Source data

******

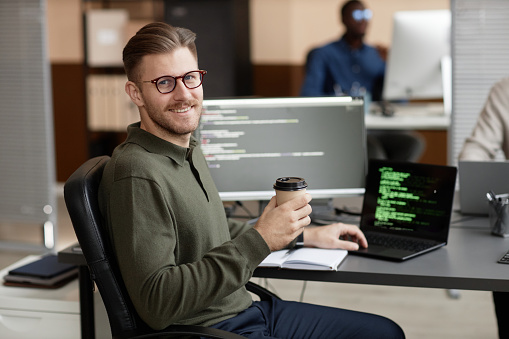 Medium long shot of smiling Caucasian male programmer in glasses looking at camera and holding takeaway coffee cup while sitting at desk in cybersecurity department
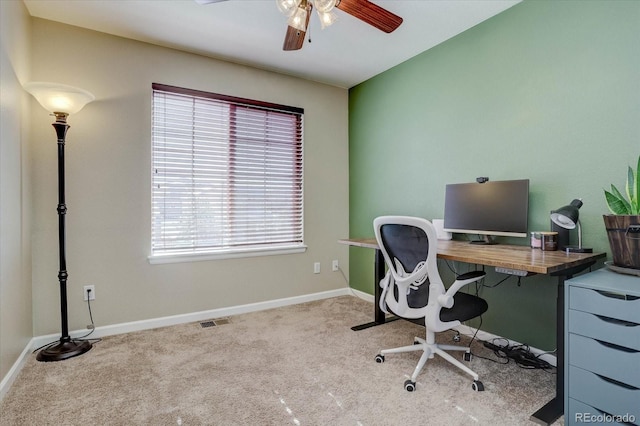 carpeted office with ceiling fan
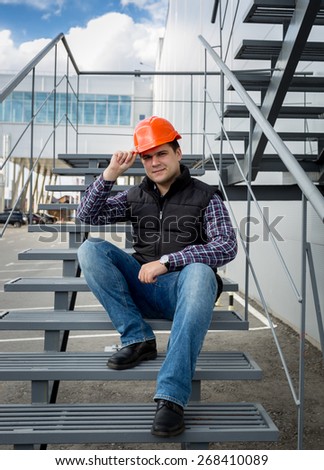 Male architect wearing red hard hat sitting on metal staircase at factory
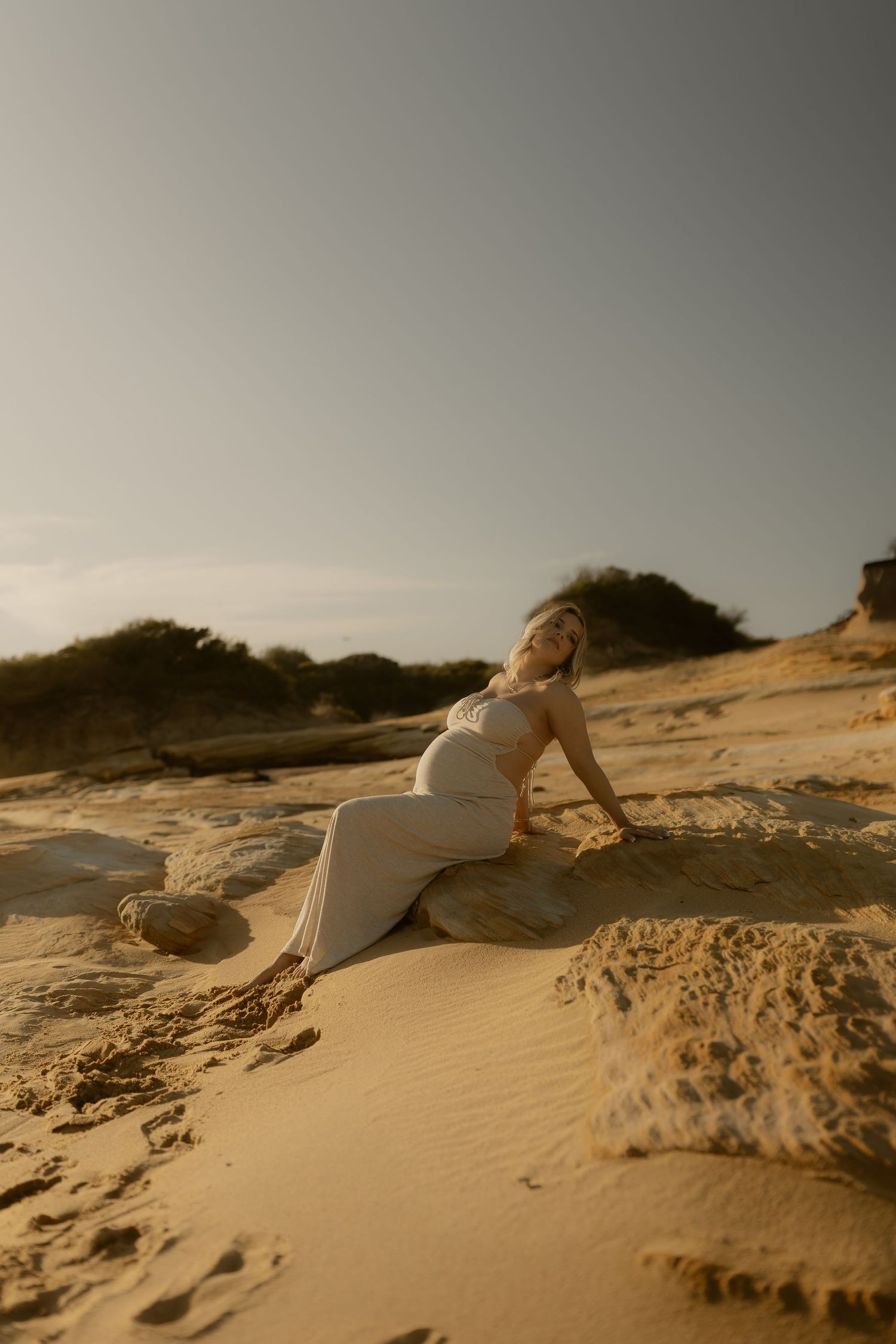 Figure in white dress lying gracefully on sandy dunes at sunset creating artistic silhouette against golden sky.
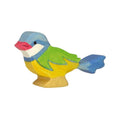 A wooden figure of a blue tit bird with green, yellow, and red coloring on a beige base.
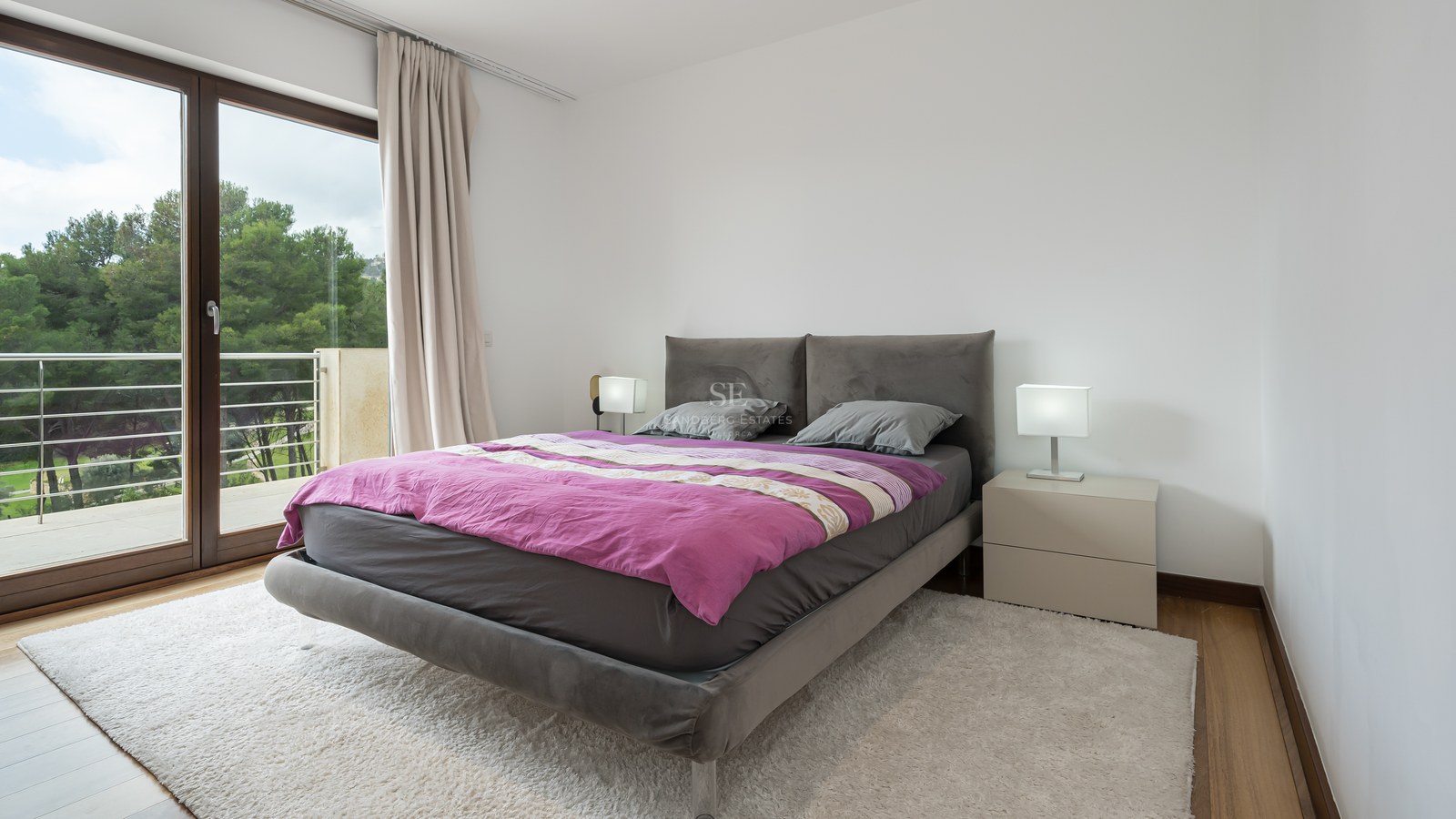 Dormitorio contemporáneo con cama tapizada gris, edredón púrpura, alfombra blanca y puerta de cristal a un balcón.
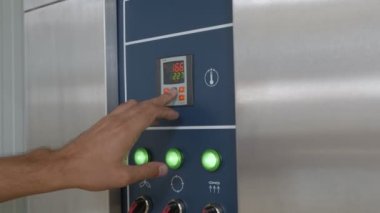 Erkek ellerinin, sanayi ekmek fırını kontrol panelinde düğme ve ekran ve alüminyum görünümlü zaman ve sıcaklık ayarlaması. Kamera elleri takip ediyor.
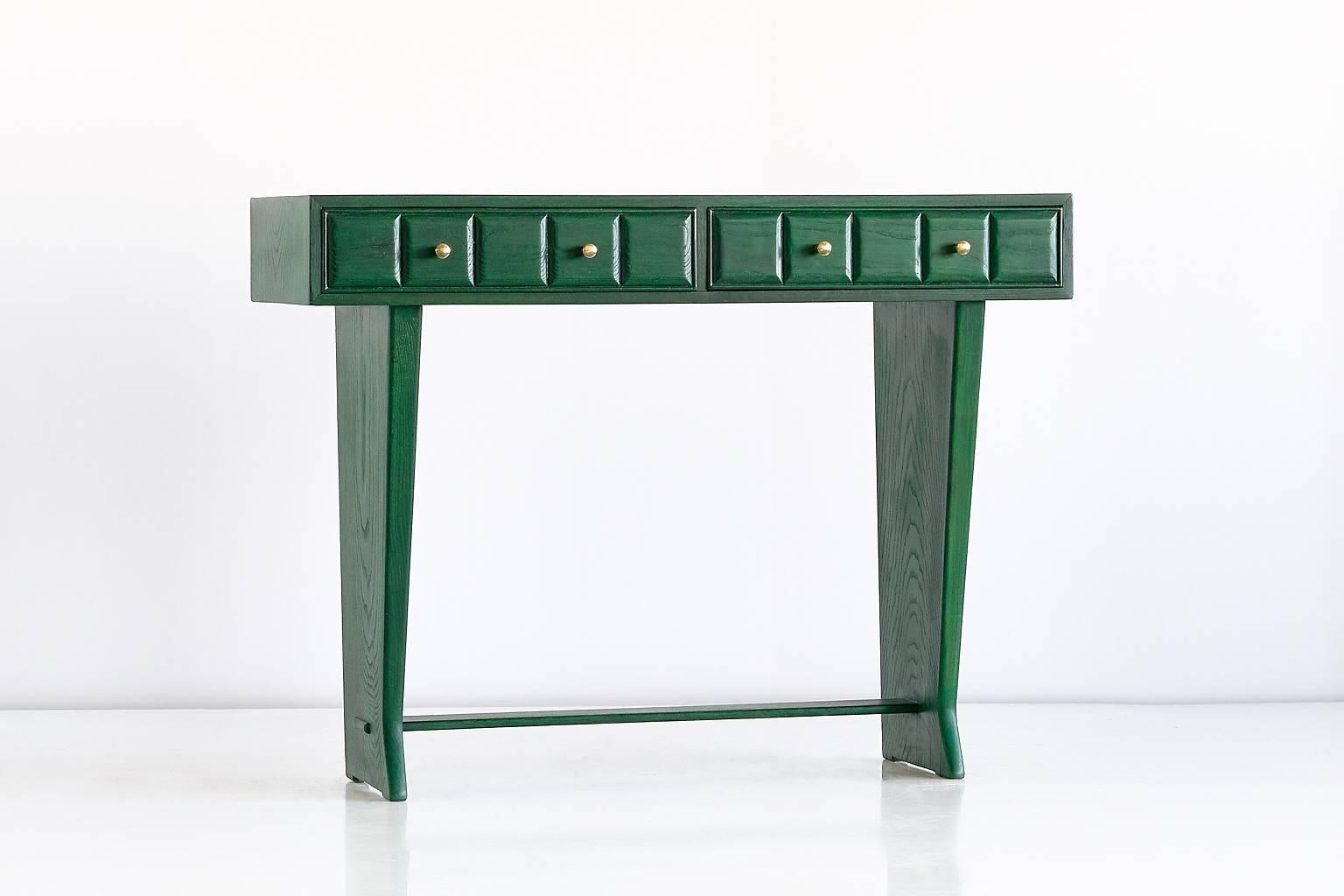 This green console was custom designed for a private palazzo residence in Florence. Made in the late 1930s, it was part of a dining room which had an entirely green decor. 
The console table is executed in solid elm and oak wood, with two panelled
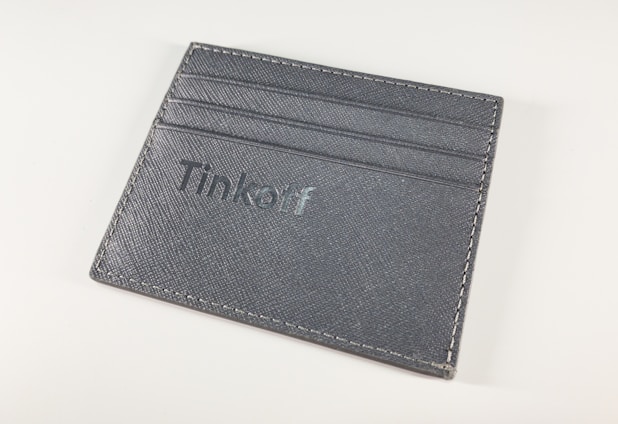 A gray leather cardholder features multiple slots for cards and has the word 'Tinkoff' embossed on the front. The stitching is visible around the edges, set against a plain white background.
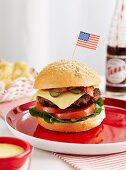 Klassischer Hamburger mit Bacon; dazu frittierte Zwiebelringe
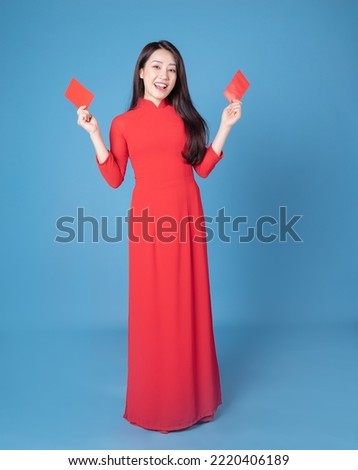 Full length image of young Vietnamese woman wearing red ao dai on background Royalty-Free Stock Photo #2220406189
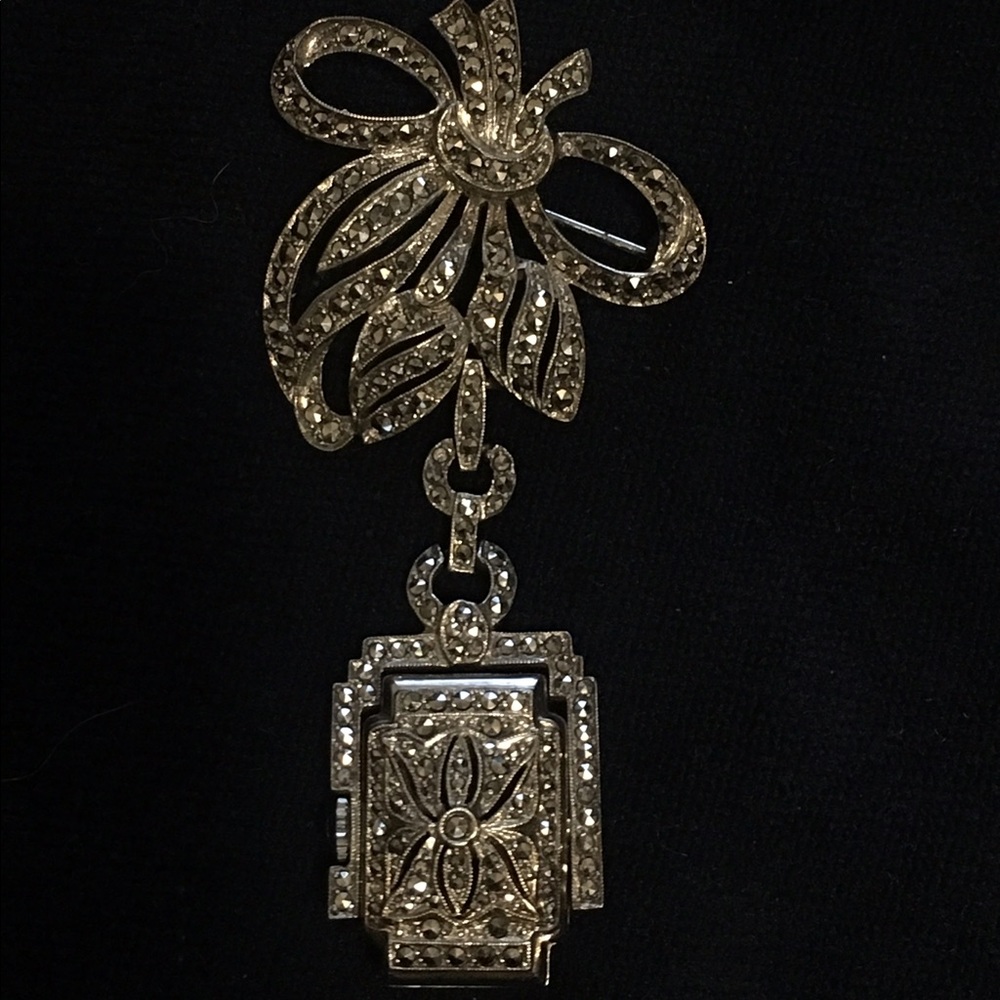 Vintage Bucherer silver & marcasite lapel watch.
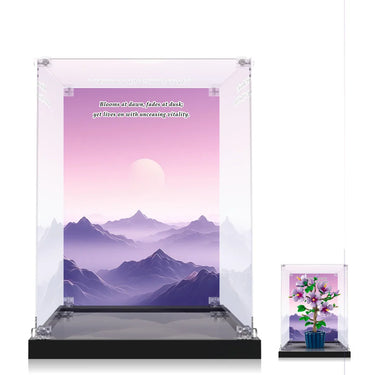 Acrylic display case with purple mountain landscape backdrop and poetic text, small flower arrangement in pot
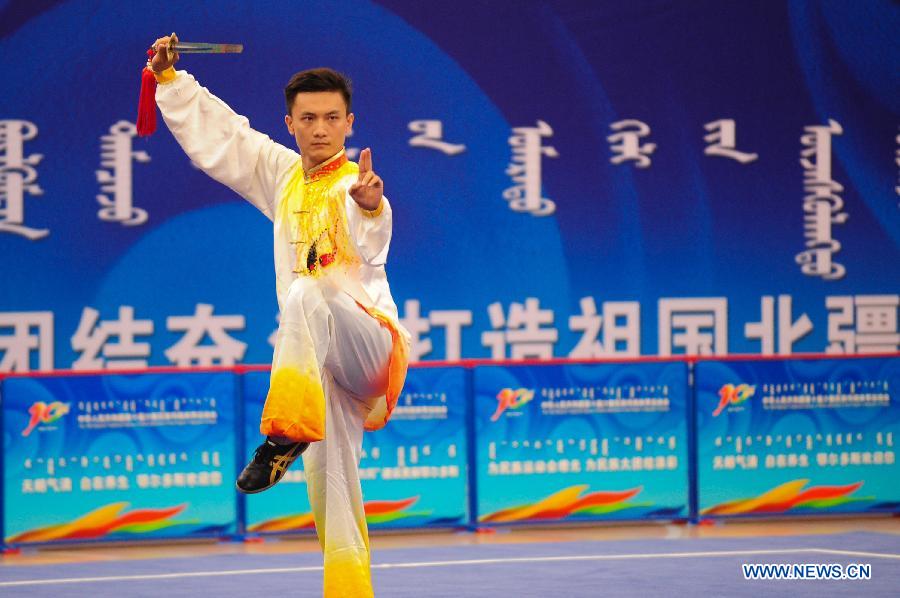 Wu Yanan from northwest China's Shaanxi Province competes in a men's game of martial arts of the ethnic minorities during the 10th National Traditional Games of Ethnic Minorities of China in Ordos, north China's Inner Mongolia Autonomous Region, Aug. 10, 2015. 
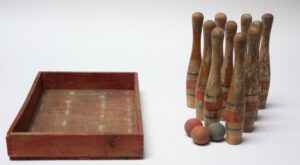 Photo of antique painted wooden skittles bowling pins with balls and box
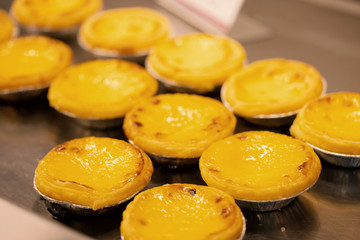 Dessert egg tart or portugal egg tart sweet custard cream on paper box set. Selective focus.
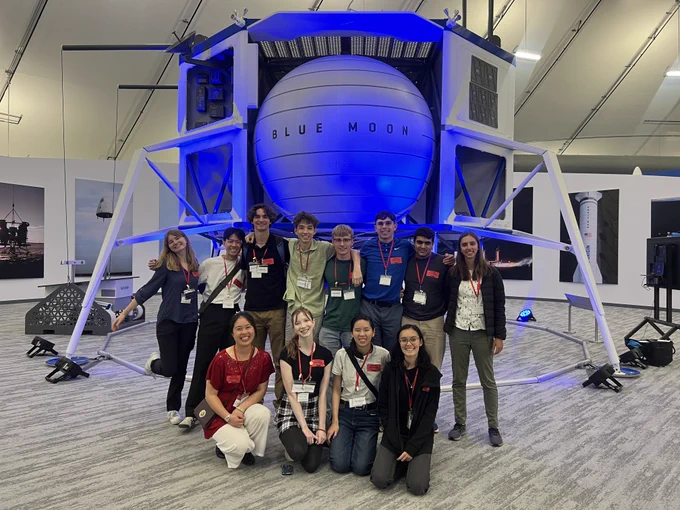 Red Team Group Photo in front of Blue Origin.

******

Task to complete
Write out, word for word, the stretch of entries that begins at the line with "Erkek ellerinin, sanayi" and ends at the line with "Vintage Bucherer silver". Pictures do not belong in it.

Result for this task
 Erkek ellerinin, sanayi ekmek fırını kontrol panelinde düğme ve ekran ve alüminyum görünümlü zaman ve sıcaklık ayarlaması. Kamera elleri takip ediyor.
 This green console was custom designed for a private palazzo residence in Florence. Made in the late 1930s, it was part of a dining room which had an entirely green decor. 
The console table is executed in solid elm and oak wood, with two panelled
 A gray leather cardholder features multiple slots for cards and has the word 'Tinkoff' embossed on the front. The stitching is visible around the edges, set against a plain white background.
 Klassischer Hamburger mit Bacon; dazu frittierte Zwiebelringe
 Full length image of young Vietnamese woman wearing red ao dai on background Royalty-Free Stock Photo #2220406189
 Vintage Bucherer silver & marcasite lapel watch.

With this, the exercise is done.